** Opening DATASET RECORDS block **
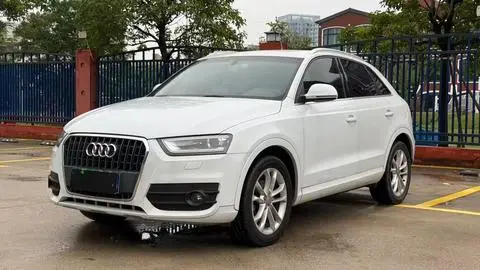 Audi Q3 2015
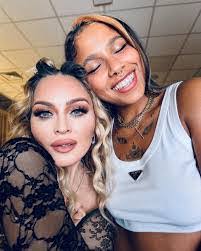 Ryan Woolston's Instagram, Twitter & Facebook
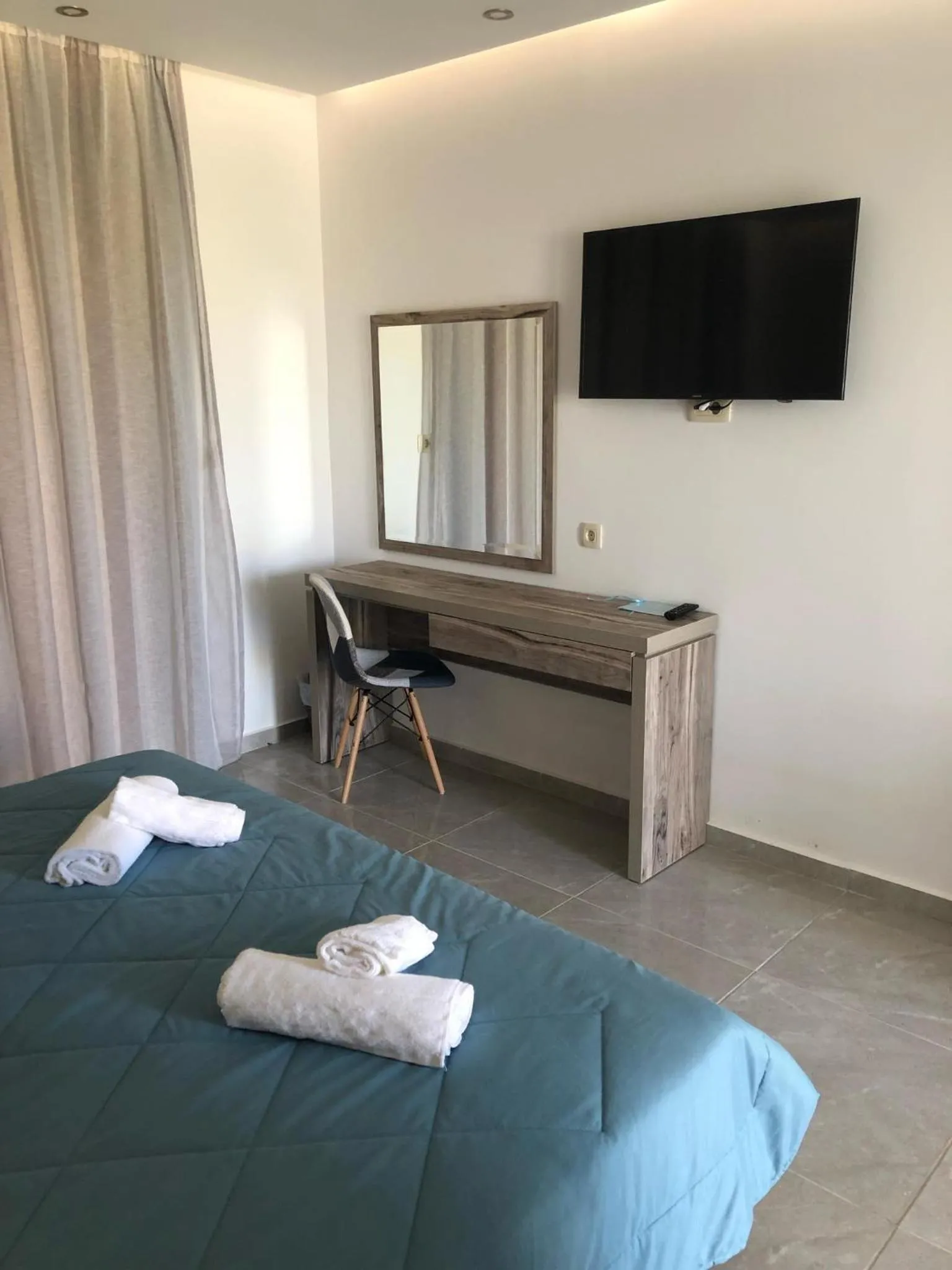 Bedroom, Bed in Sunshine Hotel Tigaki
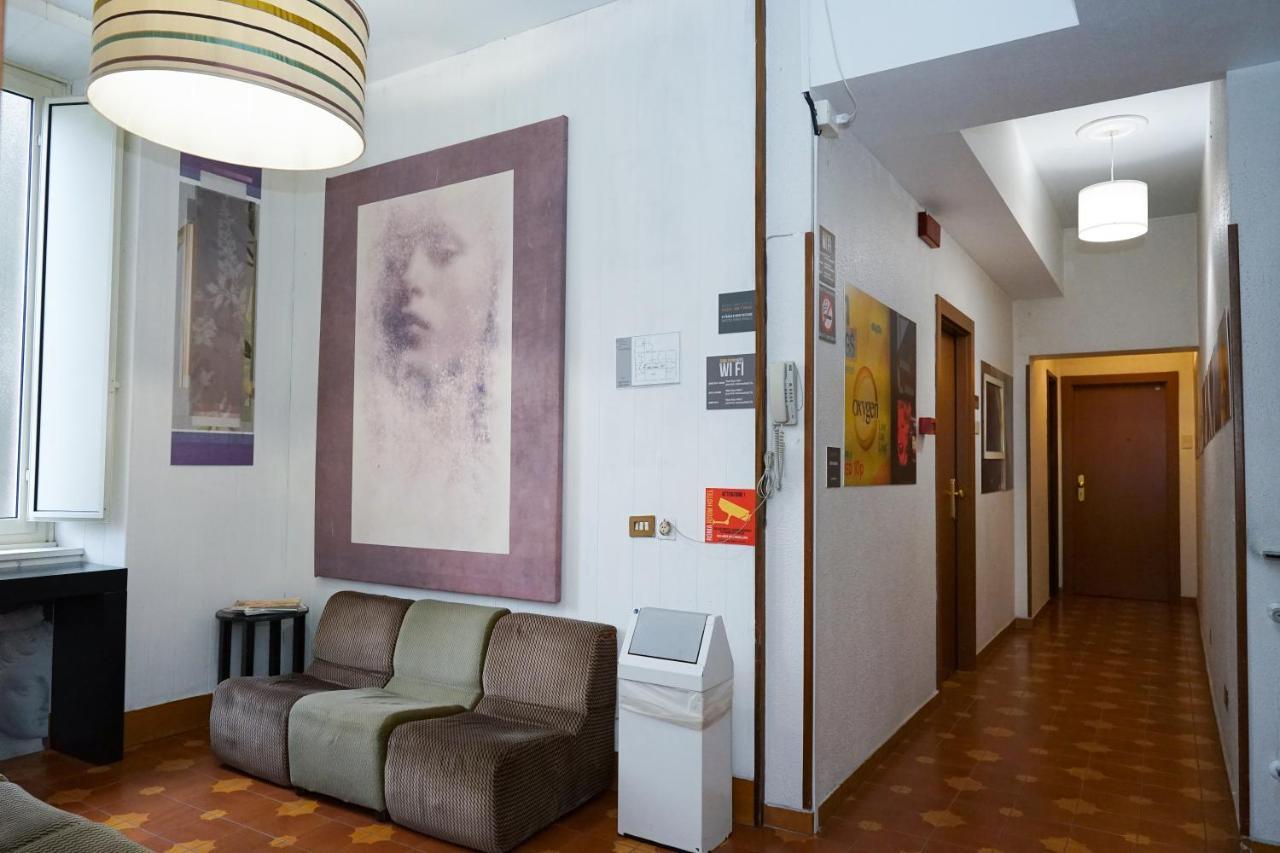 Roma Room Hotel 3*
** Closing DATASET RECORDS block **
** Opening DATASET RECORDS block **
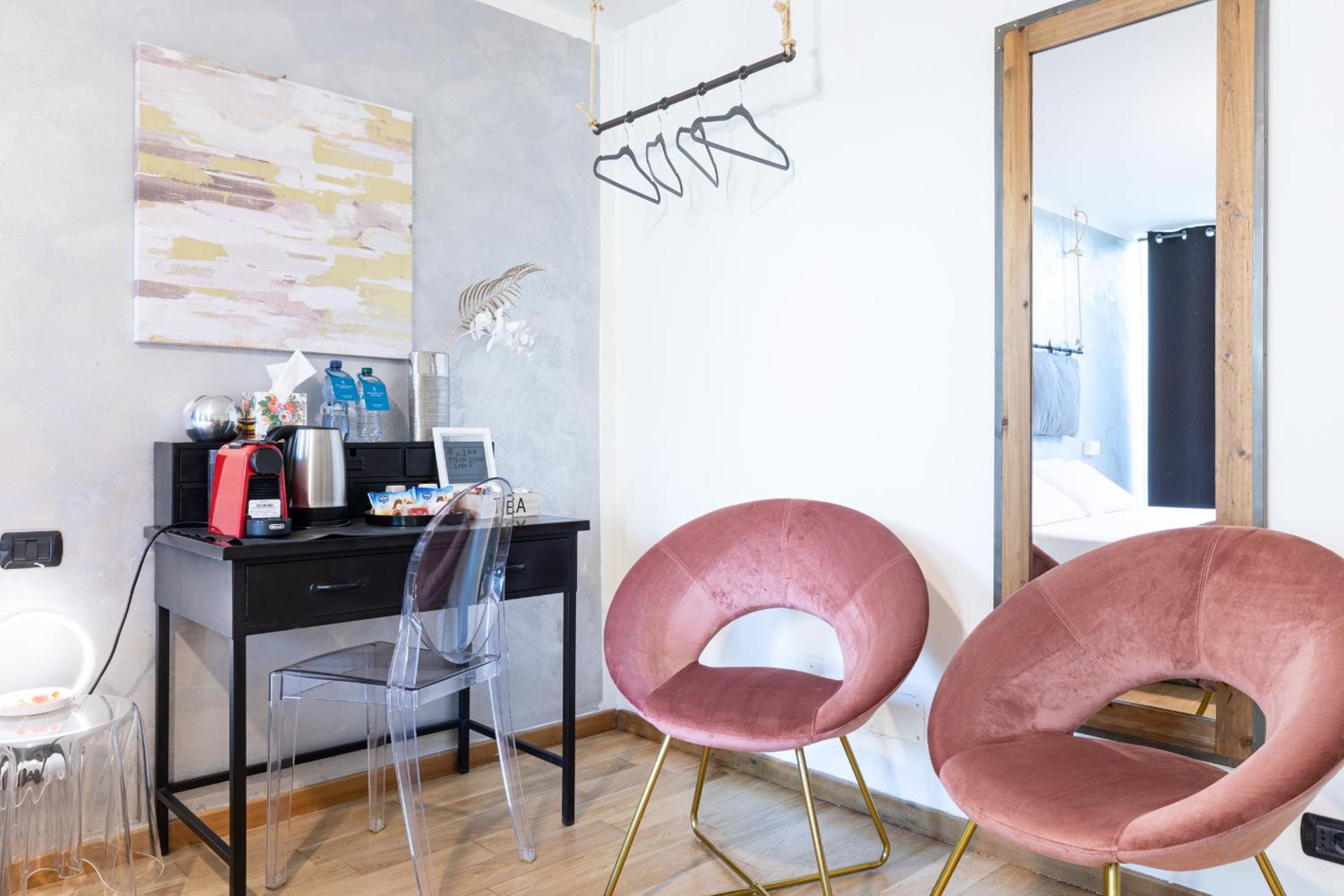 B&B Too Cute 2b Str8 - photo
** Closing DATASET RECORDS block **
*ABOUT THIS TASK:*
What you return from the records above should be exactly everything from the line with "Ryan Woolston's Instagram, Twitter" down to the line with "Roma Room Hotel 3*", both kept, and no pictures.

*RESPONSE AREA:*
 Ryan Woolston's Instagram, Twitter & Facebook
 Bedroom, Bed in Sunshine Hotel Tigaki
 Roma Room Hotel 3*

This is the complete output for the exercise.